You can't imagine how my accent sounds!
I still consider myself Irish and if good enough would not even consider playing for any country other than Ireland. Still follow Clare in hurling, Munster in rugby.
Stuttgart88
12/01/2005, 8:12 AM
it's having an English accent that makes the difference in my opinion to the 'real' Irish these days, not where you were born.
So where does that leave Ronnie Whelan, with his weird half-scouse half-Dublin accent? Half-Irish? :)
there isn't enough comment like this in the Irish sports media. Most of it is based around endless match reports and tabloid adoration of overrated players, not enough examination of the game itself.
Well said. Couldn't agree more.
sylvo
12/01/2005, 11:17 AM
[QUOTE=Stuttgart88]So where does that leave Ronnie Whelan, with his weird half-scouse half-Dublin accent? Half-Irish? :)
I think it's the smart ass coments that fans with inguurlish accents not players get, that he's meaning.
eoinh
12/01/2005, 11:19 AM
Today i feel fijian!
Tomorrow i will feel ugandan
Friday i will feel like a Hungarian.
Saturday & Sunday I'll be Irish
lopez
12/01/2005, 11:24 AM
So where does that leave Ronnie Whelan, with his weird half-scouse half-Dublin accent? Half-Irish? I was thinking more of Steve Finnan and Gary Doherty. Both came to England very young - part of Brian Lenihan's declaration that Ireland wasn't big enough for 5million people - and both have English accents. If they were to go Ireland matches as spectators rather than footballers, the first thing asked was why they aren't at Wembley? (or wherever). Humphries on the other hand has (I presume) an Irish accent even though by his admission he was born in England. I'd bet he would never be asked such a question, even if he admitted where he was born.
Too many Irish people out there - and sadly on this board too - who haven't heard an Irishman with an English accent. That's the response I give now to why I'm not at Wembley. Bit of a sheltered life we've led haven't we? I mean half the side you're going to see will have English accents - a couple of whom were born in Ireland. You've even had a president (within my lifetime at least) with an English accent, FFS. :rolleyes:
lopez
12/01/2005, 11:43 AM
I think it's the smart ass coments that fans with inguurlish accents not players get, that he's meaning.
You mean like this?
Today i feel fijian!
Tomorrow i will feel ugandan
Friday i will feel like a Hungarian.
Saturday & Sunday I'll be Irish
eoinh
12/01/2005, 11:50 AM
You mean like this?
Yes, Lopez but thats a joke.
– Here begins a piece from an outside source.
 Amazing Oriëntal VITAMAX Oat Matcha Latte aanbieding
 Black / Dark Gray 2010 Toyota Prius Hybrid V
I dont need to put up a :) one every time I do one, do I?.
I totally except that people born outside of Ireland with Irish ancestry are Irish (except for Wolf Tone fans, of course).
I do have a problem with poeple like Houghton though who play for Ireland from a pure mercenary position.
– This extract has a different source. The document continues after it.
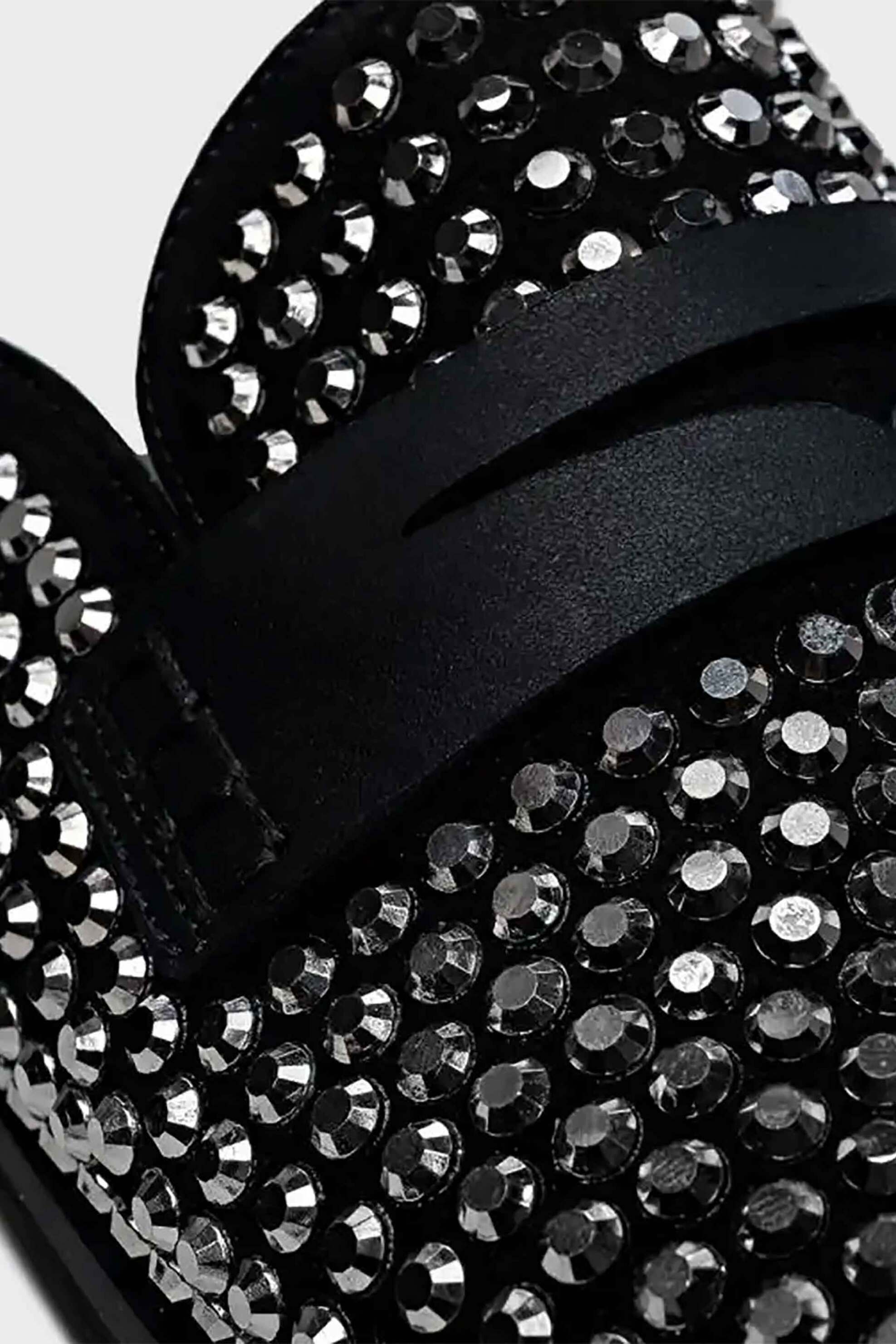 Carrano γυναικεία δερμάτινα παπούτσια slip-on με τρουκς - E67292 Μαύρο φωτογραφία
BTW on a sidenote Hungarians voted last month to deny citizenship to hungarian speakers born outside of Hungary (there are millions of them apparently).
fosterdollar
12/01/2005, 12:01 PM
Btw,so anyone who ever counted themselves as a 'Wolfe Tones' fan is not :confused: Irish..........
sigh... as much as i wish that were true...
Bluebeard
12/01/2005, 12:06 PM
Funnily enough we voted last year to deny many people born in Ireland the right to Irish citizenship.
This is going to bite us on the arse in years to come when some young Romanian who started his career with St. Pats scores in a penalty shootout against us.
The article does turn out as "it is good to be nice", but there is a lot of ground being examined before the conclusion, and I cannot really see any other professional sports writer in this country (except possibly Con Houlihan on the odd day) daring to write something that goes beyond mere information and attempts genuine investigation. It is a reasonably well balanced article and it treats of the matter a little finer than it might be by many of the "commentators" on the issue in the political sphere.
fosterdollar
12/01/2005, 1:06 PM
:rolleyes: & There'd be a population of under a million.......
and....
I do have a problem with poeple like Houghton though who play for Ireland from a pure mercenary position.
I'm glad to see that your unfunny quip was a joke, because the waking up and feeling a 57 variety of identities is the privilege of just a few people. What is the 'mercenary' position concerning Houghton? People's nationality/identity are gauged on 1. blood; 2. their birthplace; or 3. where they have moved to. Houghton turned down item 2 in favour of item 1. What's mercenary about that? If he chose to play for Qatar I'd think you had a point.
During the World Cup I got collared - along with Sylvo - in Saipan by a Spanish woman and a cameraman doing some vox pops for a US Spanish Language station. I mentioned the fact that I spoke Spanish was down to being half Spanish. She seemed a bit disgusted that I chose to follow Ireland (she didn't ask where I was born) instead of Spain, despite the fact that only in the same year had Spain allowed the maternal offspring born outside the country automatic citizenship.
It's odd that I don't get asked why I'm not at Wembley?, why don't I f*ck off back to where I come from? - or some other stupid question e.g. In a Boston pub by a Corkman that I should be good at Darts being English - when I meet my Spanish relatives. They ask me why I don't speak Galician and why my Spanish isn't perfect. That's the difference with Ireland where emigrants children are often treated like they're the half-cast illegitimate children of a wayward daughter.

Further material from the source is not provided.